--- Records Enclosed Below ---

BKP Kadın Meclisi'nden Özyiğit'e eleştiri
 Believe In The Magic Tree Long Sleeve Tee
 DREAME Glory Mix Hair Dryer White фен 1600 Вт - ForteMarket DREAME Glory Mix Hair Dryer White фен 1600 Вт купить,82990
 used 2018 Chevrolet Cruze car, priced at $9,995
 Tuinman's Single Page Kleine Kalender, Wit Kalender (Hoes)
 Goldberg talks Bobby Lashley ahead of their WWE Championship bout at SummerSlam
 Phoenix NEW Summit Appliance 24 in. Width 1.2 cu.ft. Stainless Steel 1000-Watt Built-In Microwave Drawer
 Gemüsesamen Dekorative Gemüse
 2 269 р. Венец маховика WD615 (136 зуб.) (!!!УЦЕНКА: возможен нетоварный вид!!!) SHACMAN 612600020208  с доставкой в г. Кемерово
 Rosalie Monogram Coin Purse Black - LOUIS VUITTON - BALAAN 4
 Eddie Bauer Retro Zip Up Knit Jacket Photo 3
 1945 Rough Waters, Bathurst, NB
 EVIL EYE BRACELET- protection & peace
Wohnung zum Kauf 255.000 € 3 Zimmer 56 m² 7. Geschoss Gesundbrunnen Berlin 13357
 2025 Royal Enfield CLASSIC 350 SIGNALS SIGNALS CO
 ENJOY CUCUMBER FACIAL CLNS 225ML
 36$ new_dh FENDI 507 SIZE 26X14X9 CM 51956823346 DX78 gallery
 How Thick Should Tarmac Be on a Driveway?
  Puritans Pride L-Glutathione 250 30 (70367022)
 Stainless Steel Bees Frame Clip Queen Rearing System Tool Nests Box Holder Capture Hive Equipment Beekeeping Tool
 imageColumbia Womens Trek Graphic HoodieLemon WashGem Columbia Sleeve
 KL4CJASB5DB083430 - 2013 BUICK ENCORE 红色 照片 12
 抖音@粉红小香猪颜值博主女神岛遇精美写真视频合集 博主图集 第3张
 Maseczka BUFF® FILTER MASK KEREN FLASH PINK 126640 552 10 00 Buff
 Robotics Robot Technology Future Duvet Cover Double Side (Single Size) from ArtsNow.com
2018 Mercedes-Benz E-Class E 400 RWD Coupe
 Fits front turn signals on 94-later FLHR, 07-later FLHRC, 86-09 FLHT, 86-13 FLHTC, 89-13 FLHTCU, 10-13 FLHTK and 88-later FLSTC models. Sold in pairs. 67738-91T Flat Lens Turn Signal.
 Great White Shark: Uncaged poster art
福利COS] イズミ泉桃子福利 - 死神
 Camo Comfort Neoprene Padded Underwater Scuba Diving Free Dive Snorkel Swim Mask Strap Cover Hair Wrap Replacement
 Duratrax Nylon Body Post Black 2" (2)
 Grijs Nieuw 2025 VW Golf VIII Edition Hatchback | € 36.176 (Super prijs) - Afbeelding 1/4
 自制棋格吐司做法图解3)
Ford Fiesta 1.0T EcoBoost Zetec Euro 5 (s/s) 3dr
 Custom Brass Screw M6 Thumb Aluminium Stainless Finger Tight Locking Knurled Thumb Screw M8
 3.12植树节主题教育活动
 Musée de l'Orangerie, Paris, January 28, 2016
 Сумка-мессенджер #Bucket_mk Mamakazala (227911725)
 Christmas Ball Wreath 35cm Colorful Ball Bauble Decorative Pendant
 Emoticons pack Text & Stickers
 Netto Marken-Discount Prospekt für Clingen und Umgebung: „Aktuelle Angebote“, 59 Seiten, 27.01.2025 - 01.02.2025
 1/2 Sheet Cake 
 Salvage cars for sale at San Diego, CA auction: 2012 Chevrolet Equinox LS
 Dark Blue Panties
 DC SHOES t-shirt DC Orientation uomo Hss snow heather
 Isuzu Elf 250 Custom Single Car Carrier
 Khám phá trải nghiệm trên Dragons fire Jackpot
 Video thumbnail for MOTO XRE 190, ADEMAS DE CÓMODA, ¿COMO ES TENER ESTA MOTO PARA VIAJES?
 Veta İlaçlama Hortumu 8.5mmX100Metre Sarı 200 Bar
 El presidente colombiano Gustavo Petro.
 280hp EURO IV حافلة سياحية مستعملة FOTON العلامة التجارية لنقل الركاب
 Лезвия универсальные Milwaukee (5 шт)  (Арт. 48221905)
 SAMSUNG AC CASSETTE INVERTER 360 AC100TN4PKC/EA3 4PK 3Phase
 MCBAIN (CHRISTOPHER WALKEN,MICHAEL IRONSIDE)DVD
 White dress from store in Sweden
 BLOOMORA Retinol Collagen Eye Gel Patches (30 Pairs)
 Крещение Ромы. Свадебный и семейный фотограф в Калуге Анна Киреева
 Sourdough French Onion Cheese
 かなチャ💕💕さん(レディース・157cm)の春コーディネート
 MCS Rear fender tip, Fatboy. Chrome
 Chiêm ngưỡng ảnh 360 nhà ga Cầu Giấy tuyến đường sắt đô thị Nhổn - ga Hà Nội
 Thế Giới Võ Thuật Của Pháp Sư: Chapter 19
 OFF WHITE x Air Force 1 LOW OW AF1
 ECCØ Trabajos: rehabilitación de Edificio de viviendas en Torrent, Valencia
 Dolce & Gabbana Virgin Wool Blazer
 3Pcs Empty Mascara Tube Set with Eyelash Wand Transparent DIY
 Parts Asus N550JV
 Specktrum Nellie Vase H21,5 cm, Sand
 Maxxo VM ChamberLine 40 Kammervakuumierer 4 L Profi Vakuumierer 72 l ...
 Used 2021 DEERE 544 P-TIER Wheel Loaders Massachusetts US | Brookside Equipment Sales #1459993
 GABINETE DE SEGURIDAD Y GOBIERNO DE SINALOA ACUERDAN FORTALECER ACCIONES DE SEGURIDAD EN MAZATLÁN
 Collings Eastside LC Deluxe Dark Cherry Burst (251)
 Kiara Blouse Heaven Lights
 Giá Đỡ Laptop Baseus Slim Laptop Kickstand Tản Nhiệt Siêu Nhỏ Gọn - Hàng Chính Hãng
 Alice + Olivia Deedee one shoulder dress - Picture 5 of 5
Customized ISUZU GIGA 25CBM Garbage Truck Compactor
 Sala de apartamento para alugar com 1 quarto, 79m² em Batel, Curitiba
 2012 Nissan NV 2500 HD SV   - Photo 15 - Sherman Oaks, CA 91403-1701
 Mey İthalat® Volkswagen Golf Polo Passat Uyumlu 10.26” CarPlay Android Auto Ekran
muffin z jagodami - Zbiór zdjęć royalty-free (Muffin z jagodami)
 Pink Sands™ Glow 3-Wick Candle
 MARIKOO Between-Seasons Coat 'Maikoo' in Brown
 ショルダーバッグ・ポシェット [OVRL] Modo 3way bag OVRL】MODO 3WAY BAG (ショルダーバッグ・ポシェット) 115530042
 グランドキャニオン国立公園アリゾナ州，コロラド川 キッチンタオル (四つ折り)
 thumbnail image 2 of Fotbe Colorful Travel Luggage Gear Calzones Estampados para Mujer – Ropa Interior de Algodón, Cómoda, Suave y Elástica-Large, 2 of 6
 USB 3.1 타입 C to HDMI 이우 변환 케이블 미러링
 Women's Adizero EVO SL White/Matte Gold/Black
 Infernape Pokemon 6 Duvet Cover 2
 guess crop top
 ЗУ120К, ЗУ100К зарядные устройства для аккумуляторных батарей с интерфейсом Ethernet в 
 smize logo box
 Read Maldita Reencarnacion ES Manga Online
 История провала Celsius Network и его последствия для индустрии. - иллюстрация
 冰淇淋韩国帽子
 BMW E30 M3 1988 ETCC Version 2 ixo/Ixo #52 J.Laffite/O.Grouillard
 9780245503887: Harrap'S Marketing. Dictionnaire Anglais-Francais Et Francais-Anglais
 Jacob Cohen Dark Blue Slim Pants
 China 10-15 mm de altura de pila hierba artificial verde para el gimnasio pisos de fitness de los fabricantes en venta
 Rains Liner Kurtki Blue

--- End of Enclosed Records ---

_Task objective_. Working through the records, find each line containing the word "Chevrolet" and copy it.

_Task response_.
 used 2018 Chevrolet Cruze car, priced at $9,995
 Salvage cars for sale at San Diego, CA auction: 2012 Chevrolet Equinox LS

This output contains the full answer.